Bouddhisme et religiosités contemporaines du Viêt Nam

Mercredi 14 mars 2018 : Bouddhisme et religiosités contemporaines du Viêt Nam, conférence par Pascal Bourdeaux, maître de conférences,  École Pratique des Hautes Études.

Pascal Bourdeaux présentait la diversité de la vie religieuse vietnamienne à l’époque contemporaine pour dégager les particularités de cette culture.
Expliquant en prologue son intérêt pour une région spécifique du Viêtnam, le delta du Mékong, le conférencier rappelle que tout en étant marginale par rapport à l’empire vietnamien, cette dernière a toujours été un carrefour de civilisations et d’échanges entre différentes sociétés, populations, systèmes de pensée. On a l’habitude de diviser le Viêtnam en trois régions, le Nord, le Centre et le Sud, elles ne sont pas seulement des constructions politiques ou administratives mais se basent bien sur un fond culturel et historique important.
Le bouddhisme, ou les bouddhismes, est une construction qui a émergé à partir du XVIIIe s. et s’est renforcé au XIXe s. lorsque les orientalistes de l’époque, succédant aux missionnaires, ont essayé de définir ce qu’étaient ces religions selon leurs propres catégories. Les phénomènes qui sont les expressions de ce qu’on appelle la modernité religieuse, issus des transformations de la spiritualité, notamment à l’époque coloniale, expriment un besoin ou une expression sociale et spirituelle. Cet ensemble magmatique de « religions populaires» est extrêmement difficile à cerner car il s’agit d’un religieux diffus qui se transforme au fil du temps et au fil des bouleversements sociaux. Depuis les années 1990, on voit un renouveau religieux et on peut se poser la question de ce que signifie cette dynamique religieuse.

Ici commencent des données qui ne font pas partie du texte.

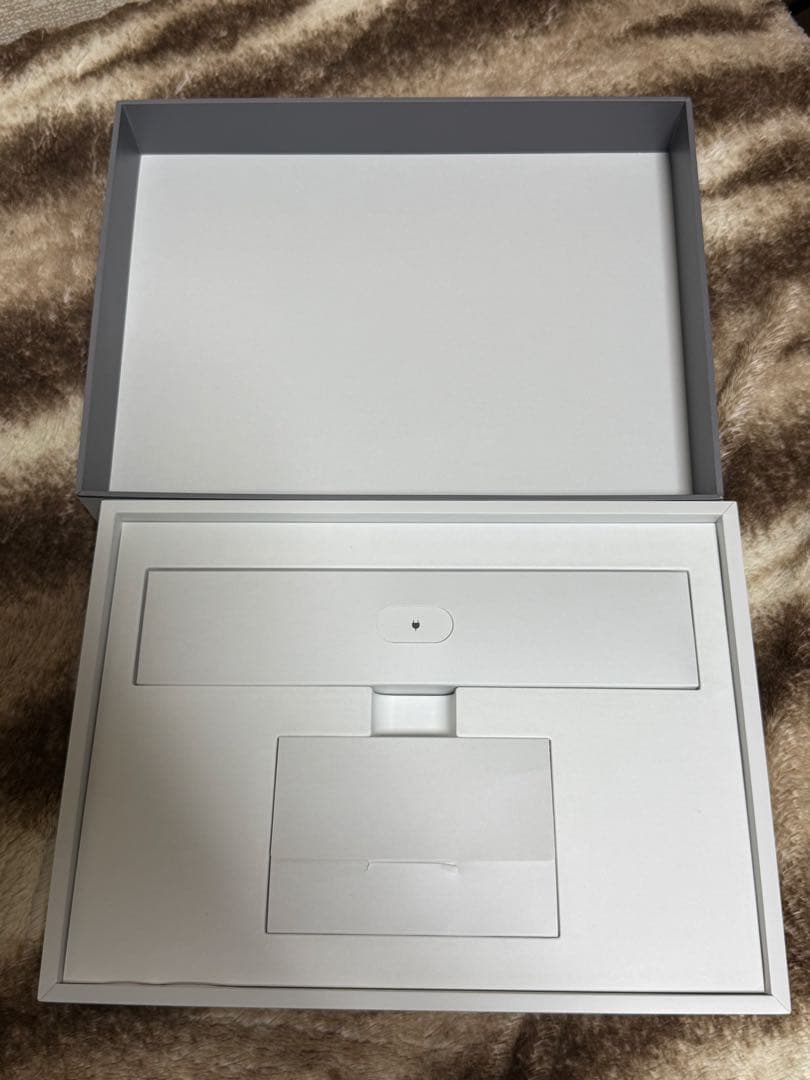 【美品】Microsoft Surface Pro 9 i5 processor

Le nam tiên (« marche vers le Sud »), processus de conquête de l’espace territorial par les Viêt.

Culte du héros Trần Hưng Đạo (kiếp bạc). ©Bourdeaux.

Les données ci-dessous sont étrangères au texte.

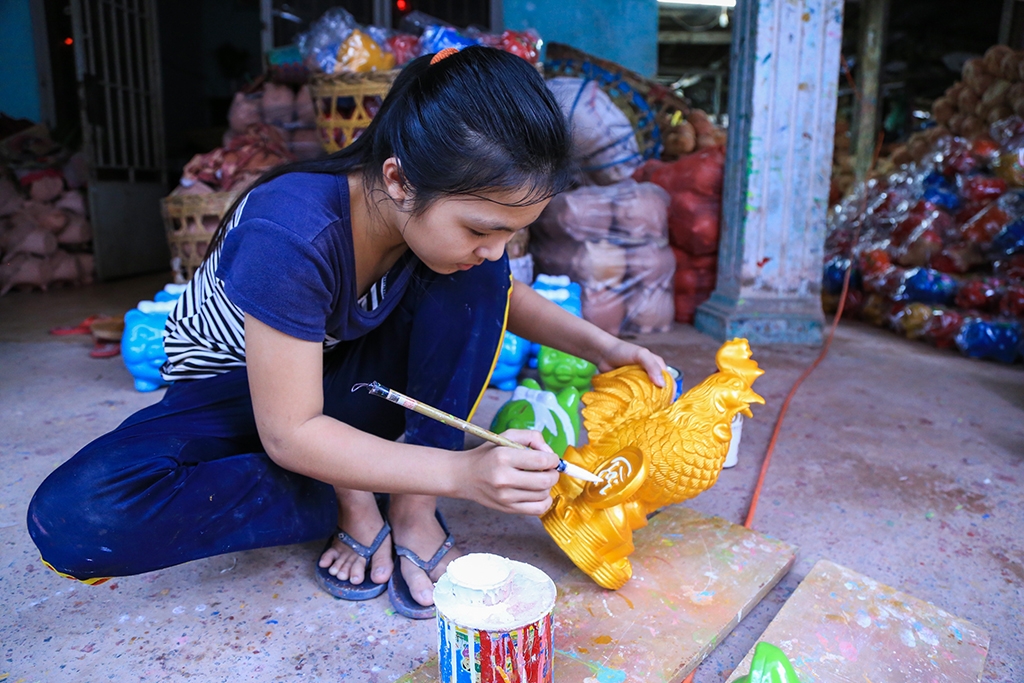 lang gom binh duong hoi ha san xuat ga vang don tet dinh dau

Culte rendu aux Déesses-mères. ©Bourdeaux.

Historiquement, le Viêtnam s’est constitué à partir de différents éléments : le Centre, Cham et hindouisé, et le Sud, qui pendant une grande partie de son histoire, a fait partie de l’espace Khmer et a été influencé par le bouddhisme Theravada. Comprendre l’histoire du Viêtnam c’est ainsi comprendre la diversité puis la pluralisation de la vie religieuse qui va apparaître au cours des siècles. Le Viêtnam fait surtout partie de l’Asie sinisée dont les éléments structurants de civilisation (écriture, monarchie confucéenne) ont profondément pénétré les traditions locales sans cependant les faire disparaître. Autant, dans la majorité des pays de l’Asie du Sud-Est, il y a eu ou il y a encore une religion d’état, autant le Viêtnam peut être caractérisé par sa pluralité religieuse et l’existence historique d’un État quasi-séculier. Depuis 2013, les rois Hùng sont officiellement célébrés par l’ensemble de la communauté nationale. On voit ici comment le gouvernement perpétue la tradition impériale de fonder des temples dédiés aux héros nationaux.
Dans le Viêtnam ancien, on retrouve, comme en Chine mais sous des expressions spécifiques, le triple enseignement (Tam giáo đồng nguyên) qui est ce rapprochement d’éléments communs ou compatibles issus du confucianisme, du taoïsme et du bouddhisme. Ce phénomène est fondamental pour comprendre la construction idéologique de l’État et l’instauration des relations entre le peuple et l’empereur mais aussi l’ensemble des relations communautaires et intersubjectives. La cohabitation de ces trois enseignements se retrouve dans les différents temples qui parsèment le territoire. Cependant, on note au XIIIe s. l’émergence d’une école bouddhiste (Trúc Lâm Yên Tử) qui s’émancipe de la tradition chinoise pour fonder une expression vietnamienne du bouddhisme mahayana.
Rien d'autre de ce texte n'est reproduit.